[Opening Data extracts section]

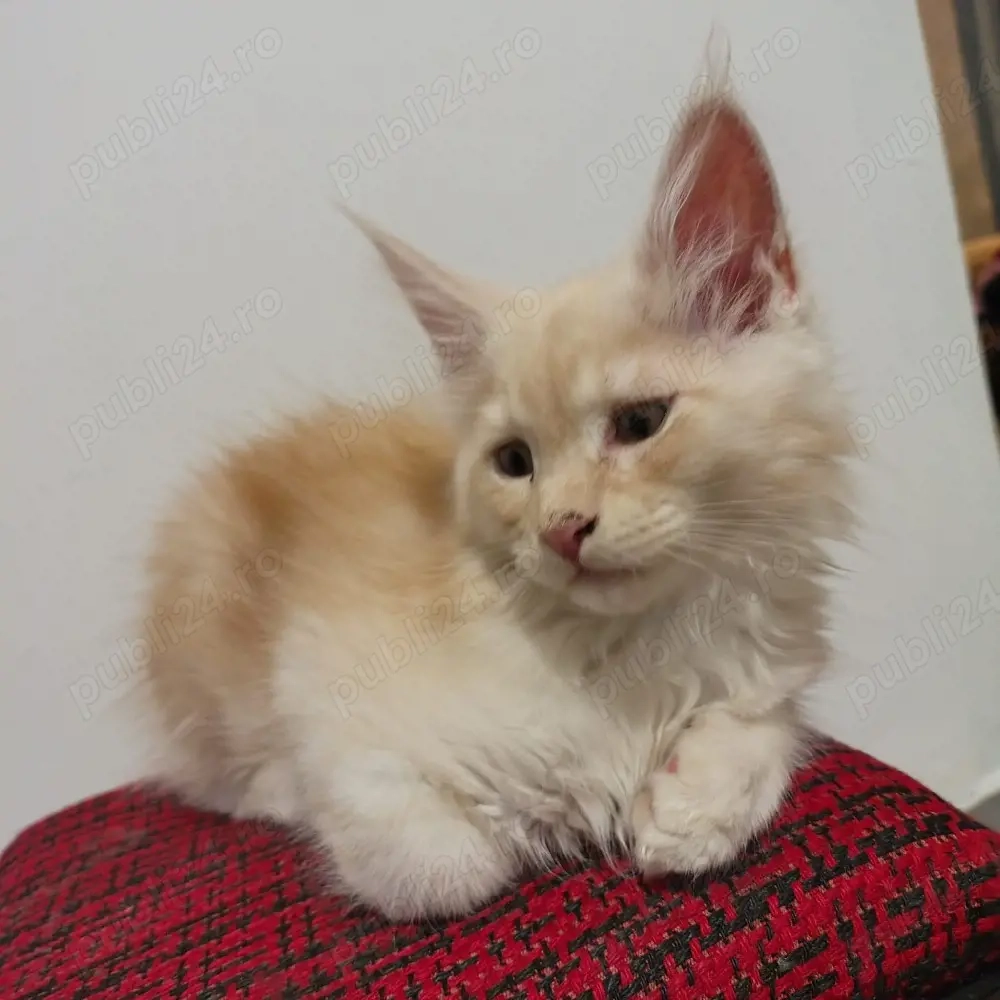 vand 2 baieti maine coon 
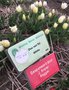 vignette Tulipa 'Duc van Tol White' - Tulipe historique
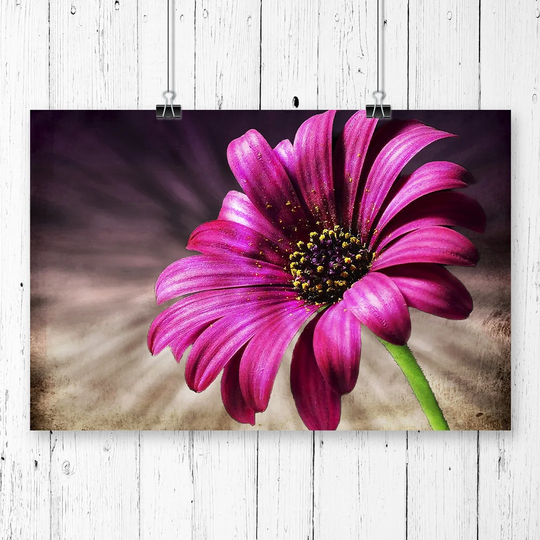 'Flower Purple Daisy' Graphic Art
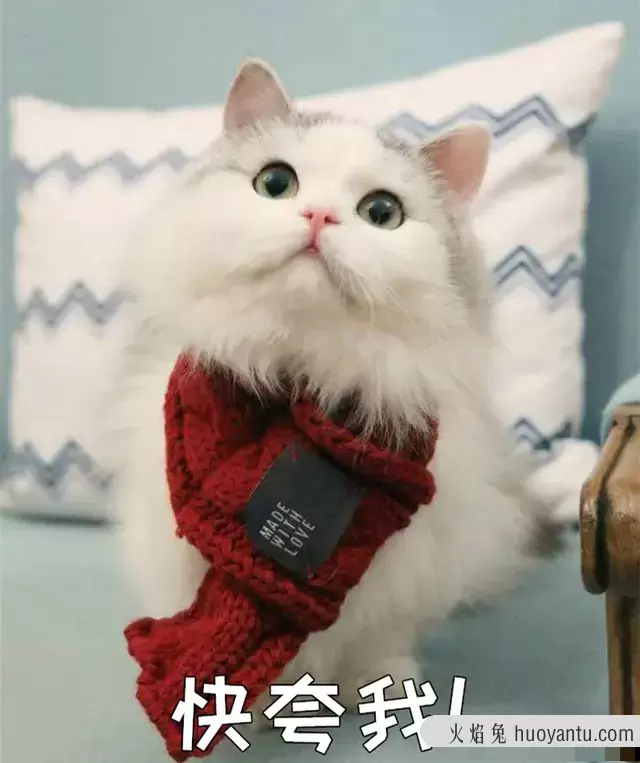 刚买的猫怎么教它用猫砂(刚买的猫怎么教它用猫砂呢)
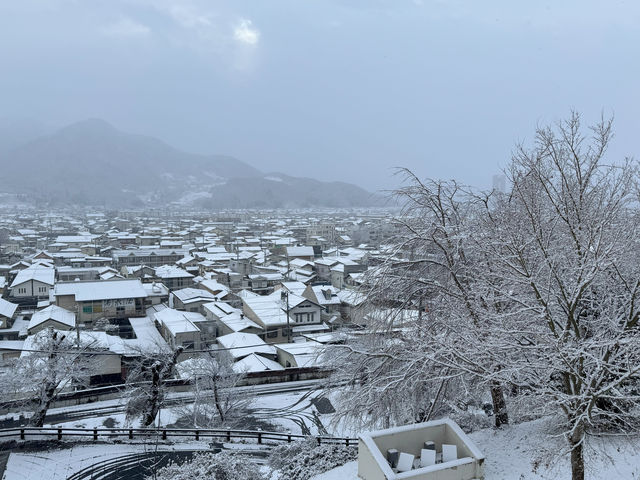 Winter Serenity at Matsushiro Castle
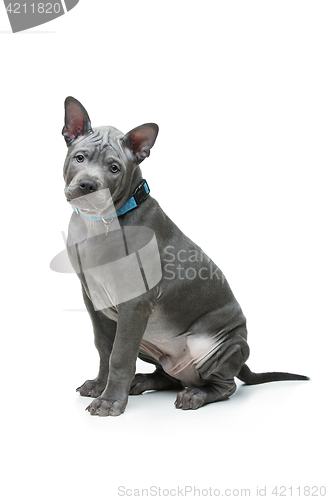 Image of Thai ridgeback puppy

[Closing Data extracts section]
[Opening Data extracts section]

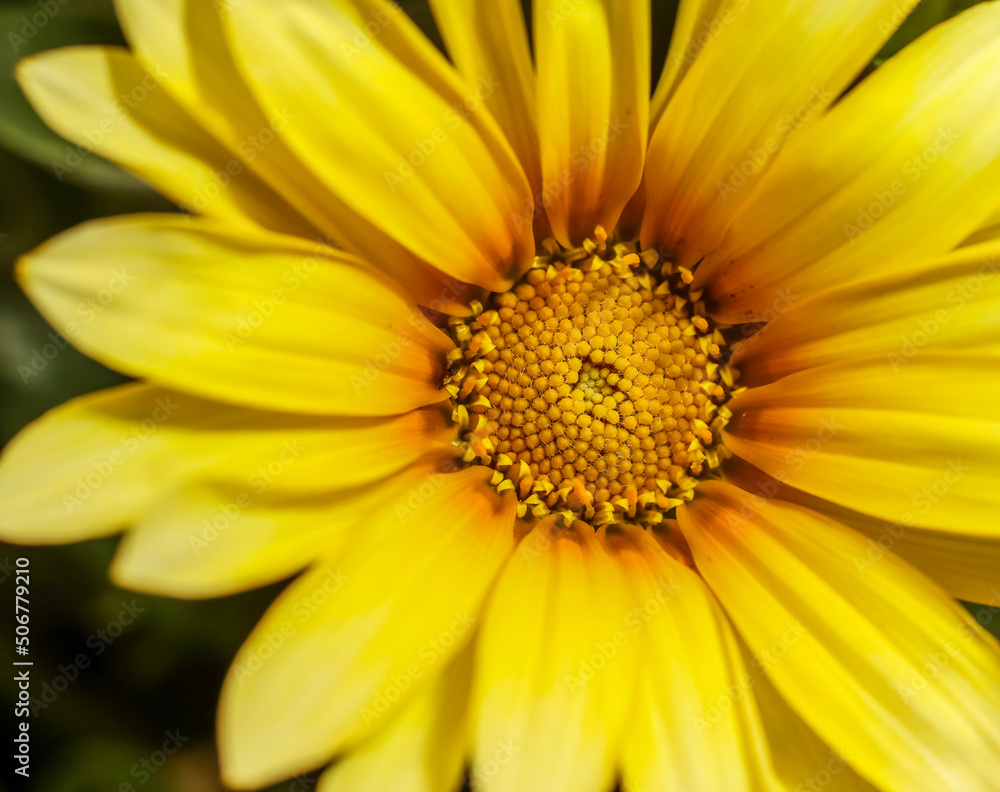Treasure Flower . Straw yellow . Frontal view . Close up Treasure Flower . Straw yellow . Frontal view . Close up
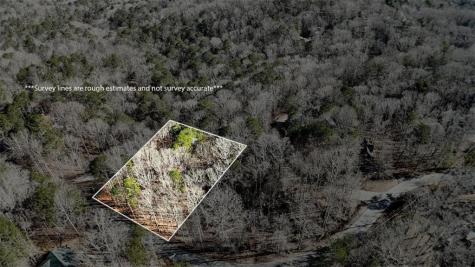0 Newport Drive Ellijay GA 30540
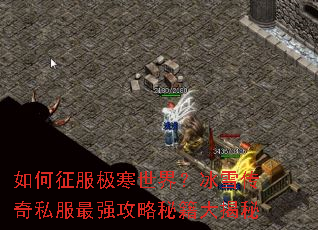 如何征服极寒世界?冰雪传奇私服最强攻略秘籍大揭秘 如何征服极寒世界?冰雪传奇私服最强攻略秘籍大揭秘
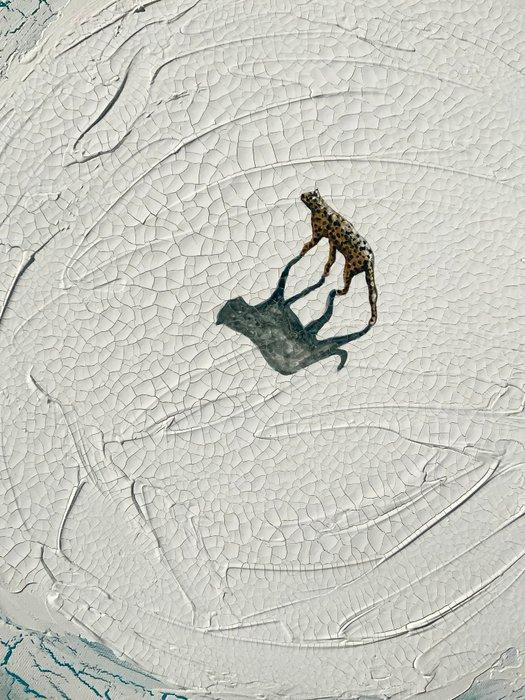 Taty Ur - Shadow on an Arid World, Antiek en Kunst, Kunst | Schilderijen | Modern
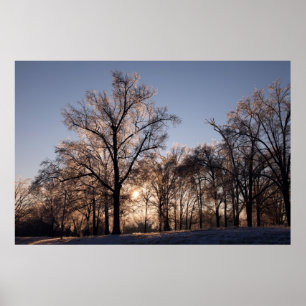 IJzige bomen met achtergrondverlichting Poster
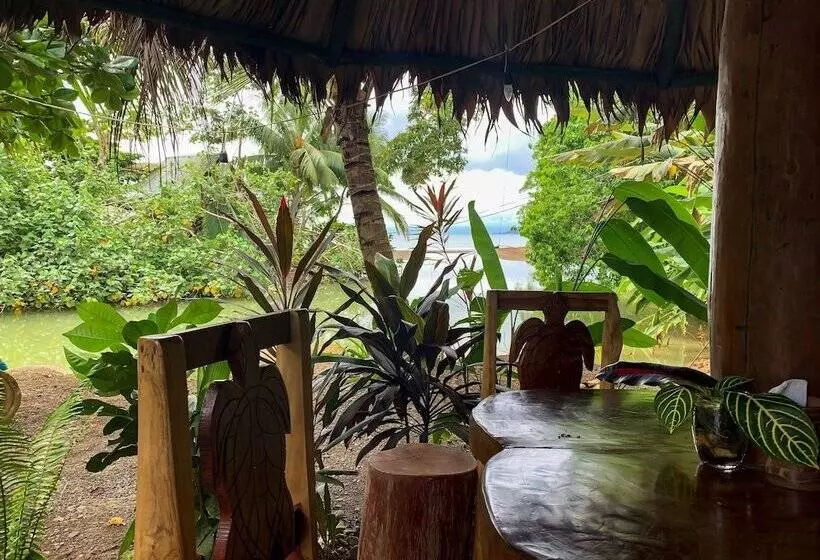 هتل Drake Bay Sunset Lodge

[Closing Data extracts section]
[Opening Data extracts section]

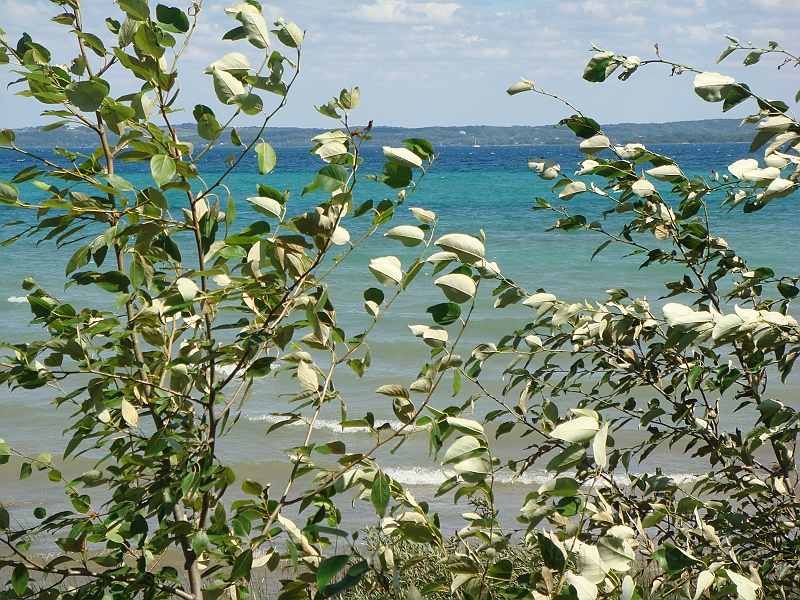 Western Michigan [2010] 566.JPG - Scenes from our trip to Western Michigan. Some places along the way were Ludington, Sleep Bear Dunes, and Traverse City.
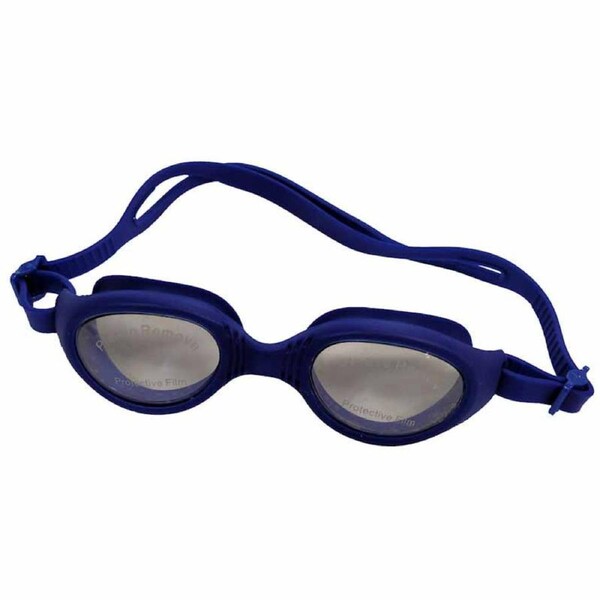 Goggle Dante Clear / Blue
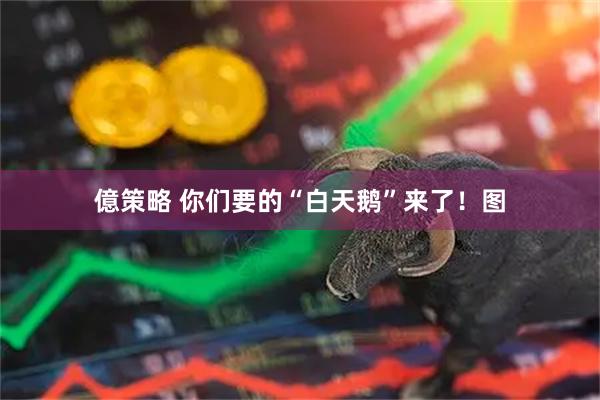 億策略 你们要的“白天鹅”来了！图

[Closing Data extracts section]

About this task :: Drop the pictures; return the lines above from the line containing "刚买的猫怎么教它用猫砂(刚买的猫怎么教它用猫砂呢)" to the line containing "Image of Thai ridgeback puppy", both included, exactly.

Your solution ::
 刚买的猫怎么教它用猫砂(刚买的猫怎么教它用猫砂呢)
 Winter Serenity at Matsushiro Castle
 Image of Thai ridgeback puppy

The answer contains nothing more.